Crypto has a relentless tendency to push intermediary margins to 0. Important to remember that this is a feature, not a bug.

Crypto’s main contribution to business model innovation is a mathematically provable way of avoiding double spending, maintained on a decentralized ledger. What this implies for business models is that any sectors that rely on intermediation will face new competition from smart contracts that can essentially perform their role transparently and without human intervention.

On a centralized web platform, the intermediary, or network administrator, owns the customer relationships and transaction history. These platforms race up the adoption curve until they plateau and value accretion becomes zero-sum.
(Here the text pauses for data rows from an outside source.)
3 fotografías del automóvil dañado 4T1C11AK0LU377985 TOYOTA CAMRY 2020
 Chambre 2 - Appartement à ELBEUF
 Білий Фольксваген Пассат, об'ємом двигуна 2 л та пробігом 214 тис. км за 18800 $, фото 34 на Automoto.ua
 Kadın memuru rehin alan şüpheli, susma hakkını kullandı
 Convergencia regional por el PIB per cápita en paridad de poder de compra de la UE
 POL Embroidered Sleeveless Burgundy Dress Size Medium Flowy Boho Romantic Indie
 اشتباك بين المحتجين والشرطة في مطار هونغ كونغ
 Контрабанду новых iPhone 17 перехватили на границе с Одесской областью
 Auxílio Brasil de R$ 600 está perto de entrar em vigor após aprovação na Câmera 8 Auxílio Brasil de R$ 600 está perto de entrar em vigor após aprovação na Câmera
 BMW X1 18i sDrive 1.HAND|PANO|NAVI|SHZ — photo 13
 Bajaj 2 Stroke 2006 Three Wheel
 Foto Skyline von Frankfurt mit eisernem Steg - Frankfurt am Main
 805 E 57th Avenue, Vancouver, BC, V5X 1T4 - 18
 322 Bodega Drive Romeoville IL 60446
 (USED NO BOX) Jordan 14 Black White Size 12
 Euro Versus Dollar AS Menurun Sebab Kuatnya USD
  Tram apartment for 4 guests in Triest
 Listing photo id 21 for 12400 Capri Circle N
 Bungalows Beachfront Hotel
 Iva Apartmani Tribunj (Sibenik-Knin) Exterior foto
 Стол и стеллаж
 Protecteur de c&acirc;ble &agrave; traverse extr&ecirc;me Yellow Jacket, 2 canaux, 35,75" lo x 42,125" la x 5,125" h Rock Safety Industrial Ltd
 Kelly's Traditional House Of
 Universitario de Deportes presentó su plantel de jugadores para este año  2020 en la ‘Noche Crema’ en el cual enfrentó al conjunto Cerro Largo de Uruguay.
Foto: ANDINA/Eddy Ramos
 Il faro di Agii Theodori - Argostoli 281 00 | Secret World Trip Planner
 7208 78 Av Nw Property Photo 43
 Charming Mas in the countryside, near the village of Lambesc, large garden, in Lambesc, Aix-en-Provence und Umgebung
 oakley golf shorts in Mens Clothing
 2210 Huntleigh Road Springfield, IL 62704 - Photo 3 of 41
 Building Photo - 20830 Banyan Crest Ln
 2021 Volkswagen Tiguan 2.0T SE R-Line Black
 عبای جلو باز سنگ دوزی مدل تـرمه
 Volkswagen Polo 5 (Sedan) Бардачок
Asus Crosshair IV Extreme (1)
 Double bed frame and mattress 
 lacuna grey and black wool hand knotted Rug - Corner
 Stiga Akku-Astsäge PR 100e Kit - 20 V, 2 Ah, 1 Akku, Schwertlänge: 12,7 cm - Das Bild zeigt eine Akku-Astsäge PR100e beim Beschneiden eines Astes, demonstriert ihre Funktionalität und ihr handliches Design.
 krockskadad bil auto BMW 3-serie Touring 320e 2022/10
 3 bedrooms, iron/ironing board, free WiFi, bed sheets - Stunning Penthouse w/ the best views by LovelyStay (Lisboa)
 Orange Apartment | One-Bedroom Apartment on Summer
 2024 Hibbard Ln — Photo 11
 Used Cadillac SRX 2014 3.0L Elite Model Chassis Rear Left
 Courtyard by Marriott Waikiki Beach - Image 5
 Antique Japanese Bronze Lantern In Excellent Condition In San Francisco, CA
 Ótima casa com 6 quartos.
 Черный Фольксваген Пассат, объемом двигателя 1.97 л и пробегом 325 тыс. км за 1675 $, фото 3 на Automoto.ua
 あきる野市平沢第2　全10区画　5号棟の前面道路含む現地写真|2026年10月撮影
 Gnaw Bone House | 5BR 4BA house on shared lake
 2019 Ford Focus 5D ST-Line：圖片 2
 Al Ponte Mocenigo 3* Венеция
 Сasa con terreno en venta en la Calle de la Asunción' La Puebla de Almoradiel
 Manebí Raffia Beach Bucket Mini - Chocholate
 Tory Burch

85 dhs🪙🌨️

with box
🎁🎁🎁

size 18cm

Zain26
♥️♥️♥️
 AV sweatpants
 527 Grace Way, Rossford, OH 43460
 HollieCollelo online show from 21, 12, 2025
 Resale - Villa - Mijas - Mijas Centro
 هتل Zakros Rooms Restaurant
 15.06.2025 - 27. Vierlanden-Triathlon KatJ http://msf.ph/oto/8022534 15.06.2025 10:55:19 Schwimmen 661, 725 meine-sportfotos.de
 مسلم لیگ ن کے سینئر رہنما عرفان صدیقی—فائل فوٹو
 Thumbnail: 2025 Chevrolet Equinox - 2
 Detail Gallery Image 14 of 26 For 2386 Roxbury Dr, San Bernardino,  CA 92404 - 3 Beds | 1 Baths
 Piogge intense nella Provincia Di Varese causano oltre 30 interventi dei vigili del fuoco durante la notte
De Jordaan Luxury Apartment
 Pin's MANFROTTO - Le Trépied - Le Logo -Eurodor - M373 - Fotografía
To continue growing or more accurately accruing value, they need to turn to extracting and monetizing their users. A search engine could, for instance, start tracking its users in an endlessly escalating arms race against privacy. A retail bank checking account, for example, could charge a quarterly fee. What for? Exactly.

However, in decentralized platforms, ownership is distributed among users, so there is no investor pressure to monetize user interactions. In fact, the most successful platforms will be those that either allow their users to own the marketplace completely or those that maximize value accretion from the platform to all of their users.

The best way of avoiding a buzzword trap is to evaluate businesses with a crypto claim through this disintermediation lens. Disintermediation makes scaling much easier, quicker and cheaper. You can reach far more people for far less with a smart contract than with data centers. However, it also has a relentless tendency to push intermediary margins to 0. Important to remember that this is a feature, not a bug. Some businesses have no business being a business (thank grammarly). For tokens in sectors that are attacking these legacy businesses, the only value creation possible is if residual profits are left over from some variety of scale through, for example, network effects, that allow temporary above-average profits. These network effects will have next to no stickiness, and large platforms can win and lose existential levels of share in a matter of hours.

Concretely: a fiat-backed stablecoin could be a replacement for a retail bank checking account. There is no good reason why this commodity business should be charging anything at all from its users. There are many good reasons why this product should probably be public infrastructure rather than private business. Therefore, an attacking stablecoin project needs to be ready to exist at the scale of millions as much as it could at the scale of trillions. Circle and USDC is not it. The winning model probably looks more like a robot managing fiat backing at one or many custodians. The ‘token’ for this project, in time, likely shouldn’t exist at all. Done well, the project should make use of enough legal and code constructs to become uninterruptible over time. Ideally, it would be uncensorable and un-upgradable.

Thank you for coming to my TED talk.